↓↓↓
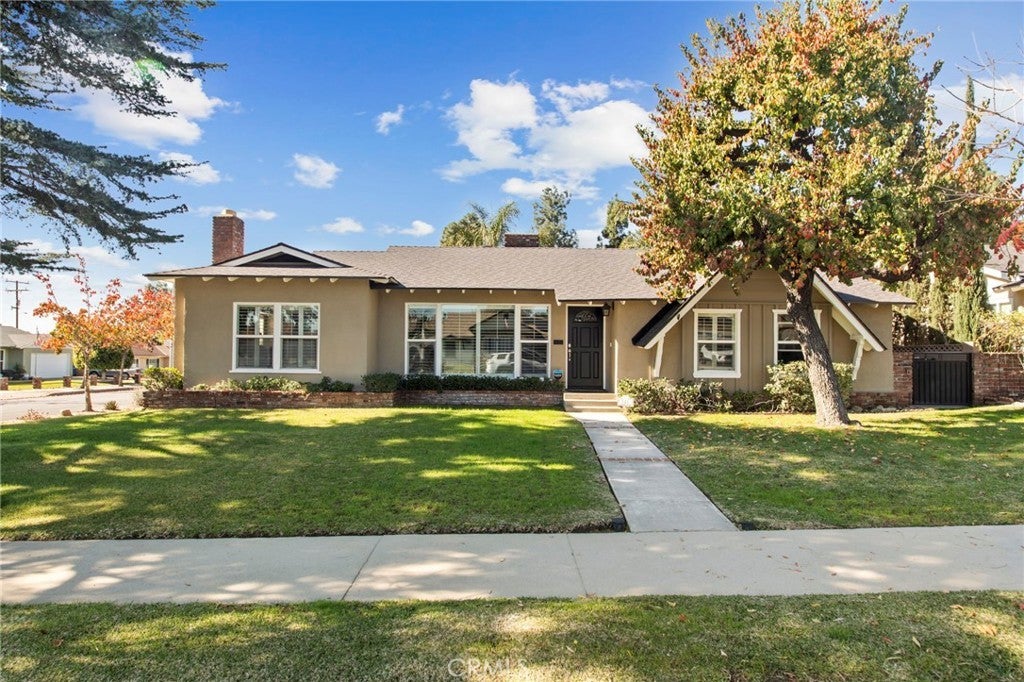 Photo of Listing #CV26013865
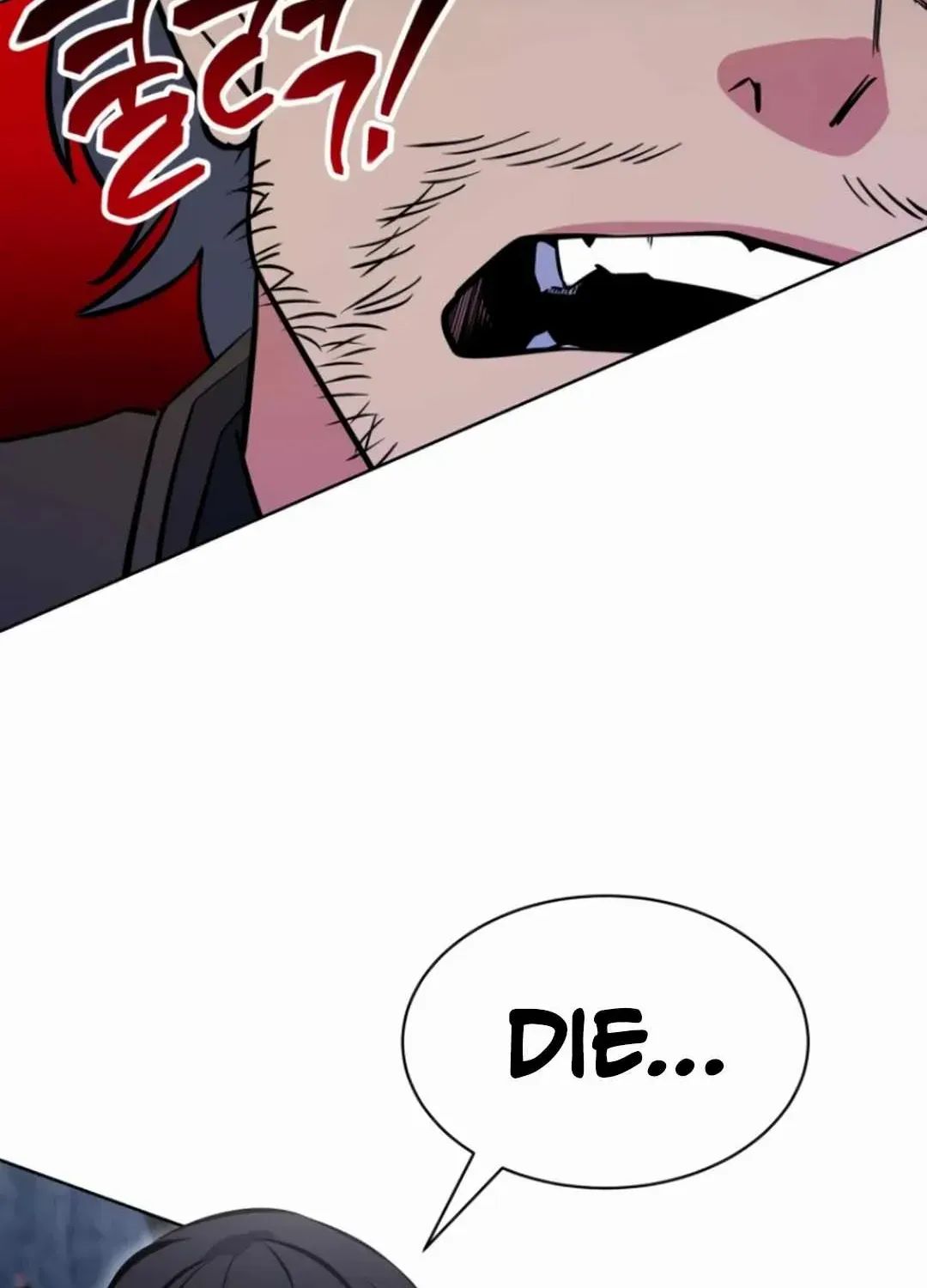 Chapter 32 — page 79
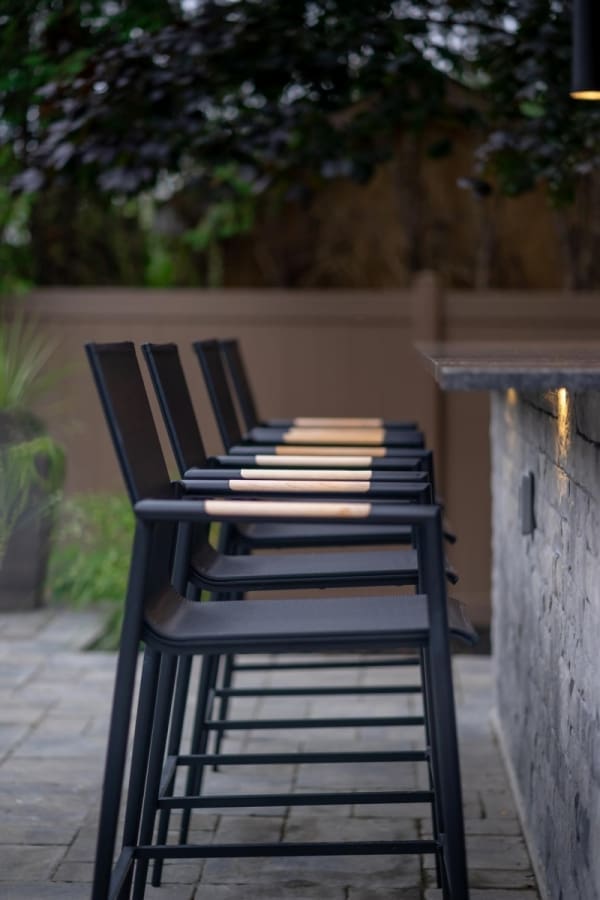 948-Vanier-Dr-7200061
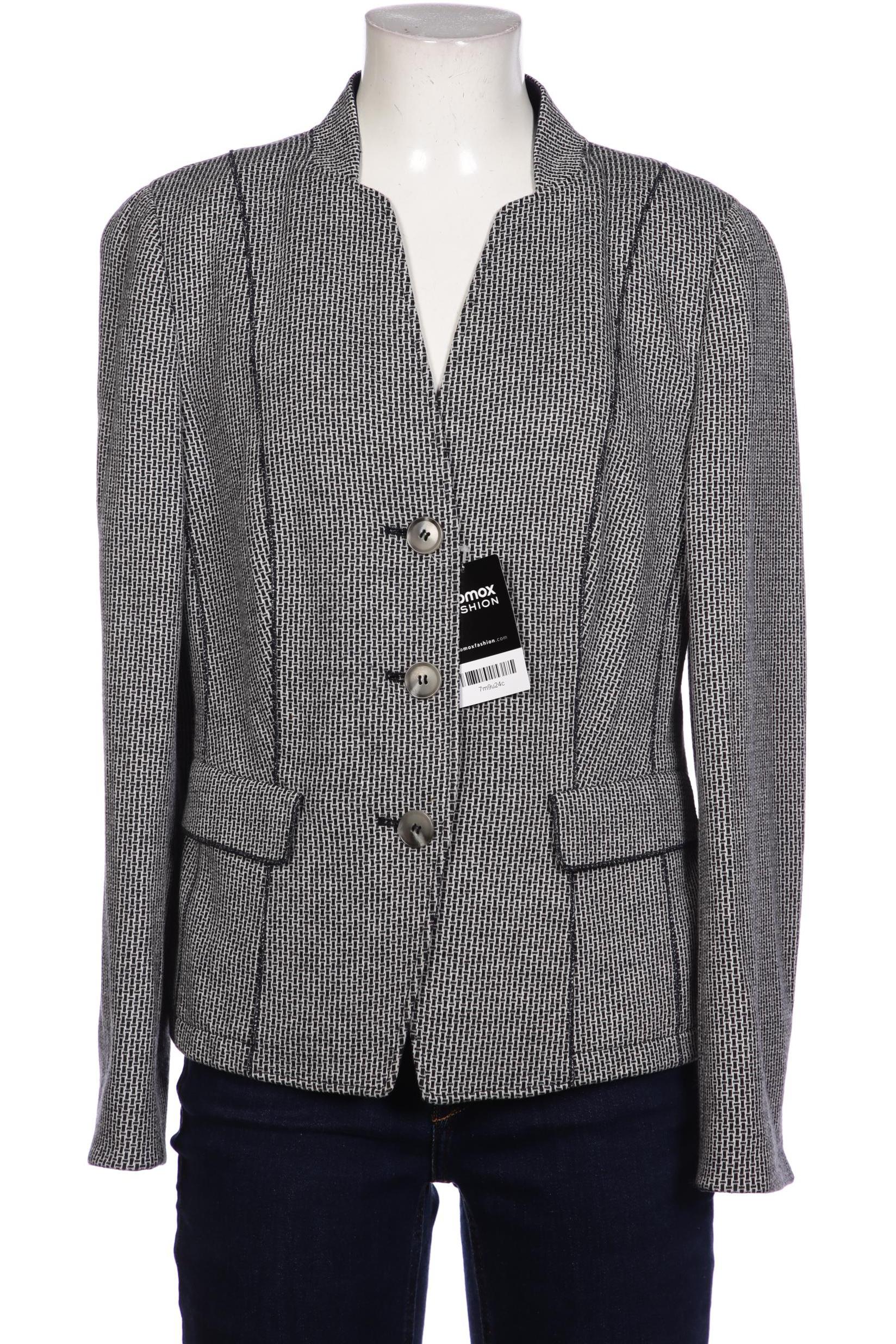 

Basler Damen Blazer, marineblau, Gr. 40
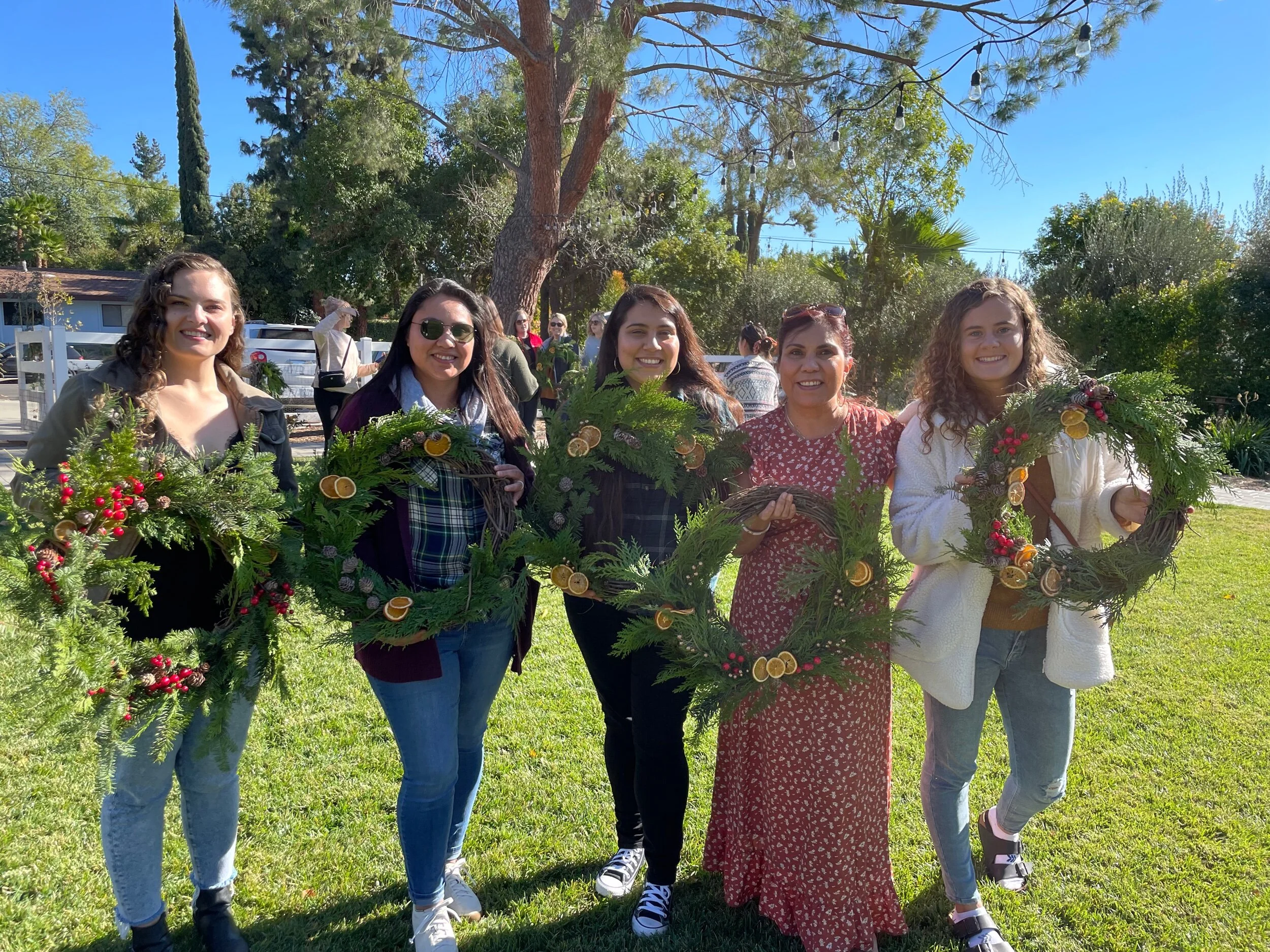 D95C525F-95E4-4A65-AF9F-063B913BD748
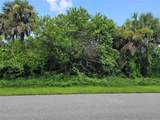 4048 Gallo Street - Photo 6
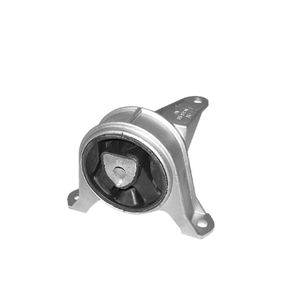 Coxim Motor Dianteiro Direito Astra /zafira JH860300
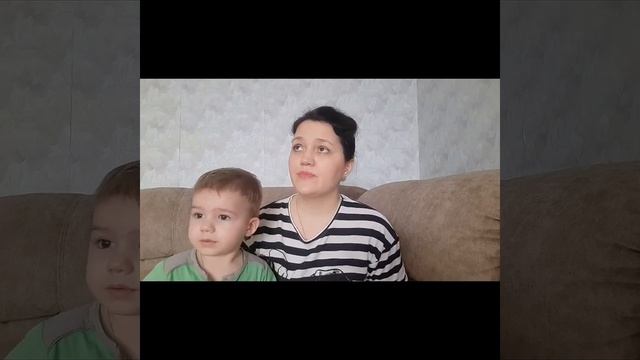 Переехали из Украины в Россию/О помощи переселенцам/Группа Вконтакте/Азартная Ритуля/Наша экскурсия смотреть онлайн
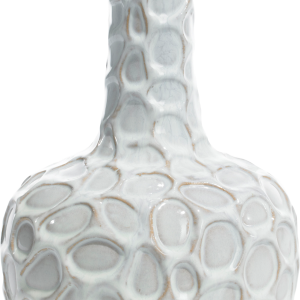 Vase PNG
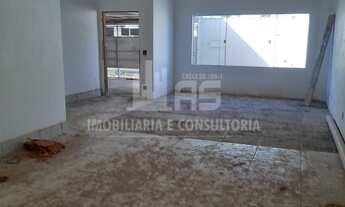 Imagem: Casa à venda no bairro Parque das Esmeraldas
↑↑↑
_Exercise brief_. Your copy should consist solely of the lines from the line containing "D95C525F-95E4-4A65-AF9F-063B913BD748" through the last line of the records above, reproduced exactly, with the pictures left out.

_Response_.
 D95C525F-95E4-4A65-AF9F-063B913BD748
 4048 Gallo Street - Photo 6
 Coxim Motor Dianteiro Direito Astra /zafira JH860300
 Переехали из Украины в Россию/О помощи переселенцам/Группа Вконтакте/Азартная Ритуля/Наша экскурсия смотреть онлайн
 Vase PNG
 Imagem: Casa à venda no bairro Parque das Esmeraldas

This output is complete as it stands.